Have you ever felt – while bouncing along a pothole-pitted minor road – that the quality of the north east’s roads is getting worse?
Well, according to a recent report, the north east’s councils would need 12 years and a budget of £656 million to fix the region’s many potholes.
In 2016/17, on average, one pothole was filled in the north east every 5 minutes and 38 seconds. This may sound impressive, but even at this speed, it would take 12 years and millions of pounds – which the region’s austerity-hit councils simple don’t have – to get the north east’s roads in an acceptable condition.
These figures come from the Annual Local Authority Road Maintenance Report, which is published by the Asphalt Industry Alliance (AIA).
The report’s authors asked the highways maintenance departments of local authorities how much money they would need to improve their road networks.
The report found that filling in potholes and improving roads would cost each of the region’s councils around £54.6 million.
The highways departments estimated that this would take 12 years if sufficient funding was available. However, the highways departments are, on average, £4.4 million a year short of the budget they would need.
In the last twelve months, the north east’s councils have paid £149,250 in compensation to people affected by substandard road conditions. In England and Wales, 70% of the compensation councils pay out to road users relates to problems caused by potholes.
In the north east, roads are resurfaced, on average, every 22 years. Though this may sound less than ideal, it is actually the best rate of any region in the country.
The average English road is only resurfaced every 55 years, the average Welsh one every 63 years.
One in six British roads are in poor condition.

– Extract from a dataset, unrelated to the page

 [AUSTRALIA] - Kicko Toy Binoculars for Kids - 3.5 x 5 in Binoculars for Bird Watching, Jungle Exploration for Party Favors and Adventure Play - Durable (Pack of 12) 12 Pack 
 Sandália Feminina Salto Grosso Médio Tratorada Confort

The AIA estimates that some of these roads may not be fit for purpose in five years’ time and that some might have to close completely.
According to the AIA, roads should be resurfaced every 10-20 years, depending on the type of road, the materials used to construct it and the volume of traffic the road carries.
Alan McKenzie, chairman of the Asphalt Industry Alliance, said, “Local authority highway teams do not have the resources to arrest the terminal decline in the condition of our local roads and the network is not resilient enough to meet the challenges ahead.”
“Almost all journeys begin and end on a local road and we rely on them every day.”
“They represent an asset worth in excess of £400 billion, but at present less than 1% of their value is being spent annually on maintenance.”
AA president Edmund King commented, “The plague of potholes aren’t going to be filled any time soon.”
“Even before getting to a main road, drivers are using pothole-riddled roads, which they would be lucky to see resurfaced in their lifetime.”